And yes, I hated how Dax, the brilliant, 300-year-old scientist, was reduced to second banana to O’Brien, the working stiff who was just very good at his job. In addition to the implicit sexism, what bothered me was the writers’ confusion of theory and practice, physics and engineering. What O’Brien was doing here was based in theory, figuring out the underlying physics of the situation. That’s different from the job of an engineer, which is based on applying known physics in practical form. Dax should’ve been the one who came up with the theory about magnetic resonance, and O’Brien should’ve been the one who, once she’d explained what was needed, figured out how to build a gadget that would do it.
I have to say I very much enjoyed this episode because of the way it dealt with a series of problems with no real solution. Instead of the usual science-fiction “deus ex machina” technobabble way out, it basically just finished by acknowledging the lack of solutions and saying “this is the situation, it is what it is, now we just have to deal with it.”
That said, it does ignore one glaringly obvious problem, which is that Kai Opaka is not lost. She’s alive, and everyone knows exactly where she is. And regardless of her personal wishes, surely the provisional government would not be content to simply give up on such a powerful symbol of their newfound freedom. And yet, seemingly, they are. They just shrug their shoulders and say “oh well, i guess we need a new Kai then.”
I’ve always wished they had Opaka appear more before killing her.

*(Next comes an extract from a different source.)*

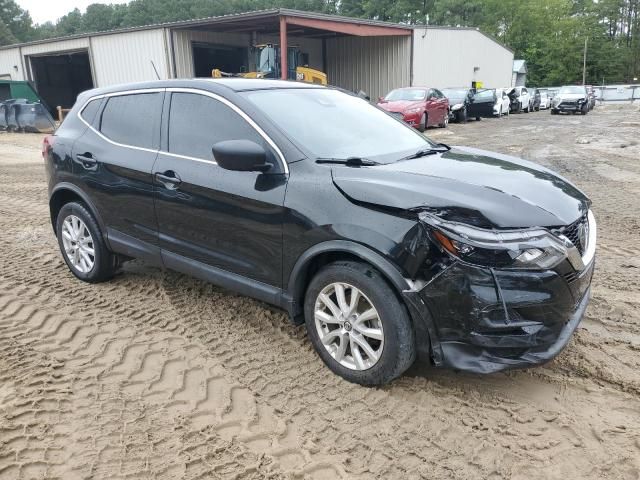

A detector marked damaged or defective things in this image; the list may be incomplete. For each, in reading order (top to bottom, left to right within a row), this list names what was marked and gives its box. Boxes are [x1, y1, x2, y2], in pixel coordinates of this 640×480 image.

crumpled hood [336, 146, 592, 229]
damaged front bumper [402, 256, 592, 374]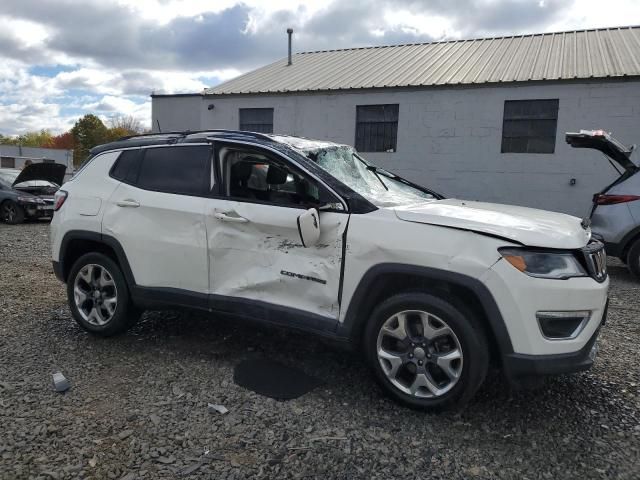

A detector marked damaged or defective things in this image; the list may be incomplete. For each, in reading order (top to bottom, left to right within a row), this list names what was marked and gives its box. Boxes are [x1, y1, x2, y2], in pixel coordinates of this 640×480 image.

While Camille Saviola was excellant, we still know the character is important because we’ve been told she’s important, rather than being shown. It would have been nice to build the character up a bit before just killing her off.
@9: I can certainly buy that the vedeks would want to elect a new kai. After all, communicating through the wormhole is non-trivial, and Opaka’s self-proclaimed new calling is hardly going to give her time to guide the Bajoran people spiritually. Alive and not lost, sure, but a pretty good example of the phrase “Unable to fulfill her duties.”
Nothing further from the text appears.